Published online by Cambridge University Press: 28 January 2012
This chapter will emphasize the relation between evangelization and culture by arguing that official missionary discourse was one of necessary ambiguity, and that the missionary intervention in society and culture legitimized a counter discourse in postcolonial writing.
Coming in waves
The spread of Christianity on the African continent did not occur exclusively with European expansion outside the Western hemisphere from the fifteenth century onwards. Rather it came in several waves. Early Christianity in North Africa during the first and second centuries gave birth to a dynamic and vibrant Christian church, and produced eminent Fathers of the Church such as Saint Augustine, Bishop Cyprian and the theologian and writer Tertullian. The Islamic conquest of Africa soon overshadowed and almost completely erased Christianity in the region, and yet the church survived in different Coptic denominations in Egypt and Ethiopia.

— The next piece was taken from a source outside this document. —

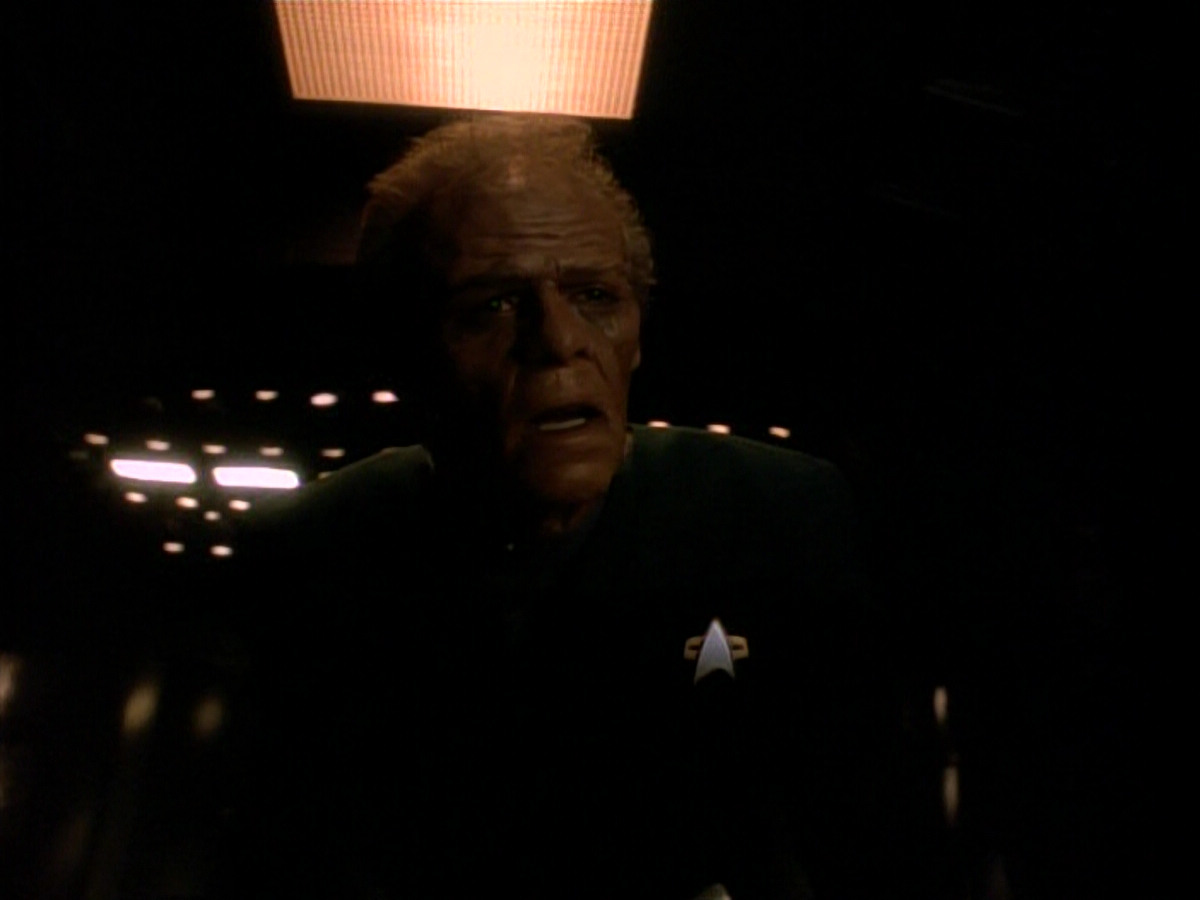 extant_StarTrek_DS9_3x18-DistantVoices_02315.jpg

A second wave of new evangelization took place during the fifteenth century, concomitant with the great discoveries spearheaded by European expansion outside the West. Portugal’s political power was coupled with the exertions of Portuguese explorers to conquer new territories with the seal and the approval of the Holy See, the highest Christian authority. Through papal bulls (Dum Diversas (January 1452) and Romanus Pontifex (January 1455) by Nicolas V, Inter Cetera (March 1456) by Callixte III, Aeterni Regis Clementia (June 1481) by Sixte IV, Dum Fide Constantium (1514) and Dumdum Pro Parte (1516) by Leon X), the popes granted to the kings of Portugal the full right to conquer territories, and at the same time to bring the Christian faith into these newly conquered spaces.